State Traffic Records Integration for National Safety Performance Management
A Common Data Model and National Data Fabric for NHTSA Trend Analysis, State Comparison, Grant Oversight, and Countermeasure Evaluation
In 2023, 40,901 people died and an estimated 2.44 million were injured in motor-vehicle crashes on U.S. roads. Executing the National Roadway Safety Strategy with precision — allocating countermeasures where they will save the most lives, overseeing grant performance, and detecting which interventions work — requires a national performance-management infrastructure built on high-quality, integrated state traffic-safety data.
That infrastructure does not exist. The foundational GAO assessment (GAO-10-454) found the integration performance measure — the degree to which the six state data systems are linked — was met only 13 percent of the time, the weakest dimension by nearly four to one.
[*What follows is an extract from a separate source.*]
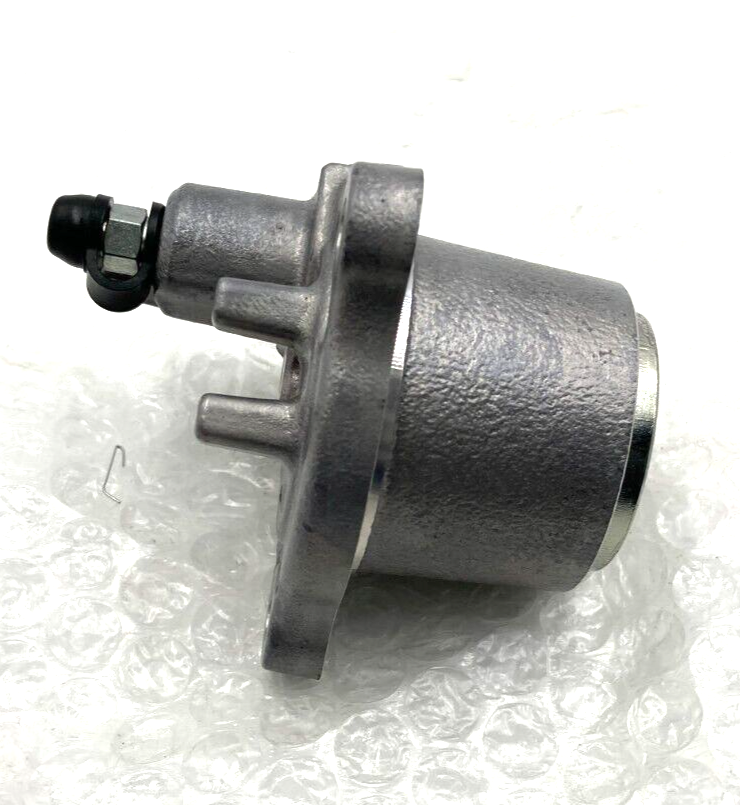 HONDA OEM SLAVE CYLINDER ASSEMBLY 01-17 GOLDWING GL1800 A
This paper proposes a national data-integration architecture: a common data model and a National Traffic Safety data fabric.
- In 2023, 40,901 people died and roughly 2.44 million were injured on U.S. roads.
- GAO-10-454 found state data-system integration met performance measures only 13 percent of the time.
- Cross-domain analysis across crash, roadway, driver, vehicle, citation, and injury data is not possible at national scale today.
- The paper proposes a common data model and a National Traffic Safety data fabric.
- The architecture supports NHTSA trend analysis, state comparison, grant oversight, and countermeasure evaluation.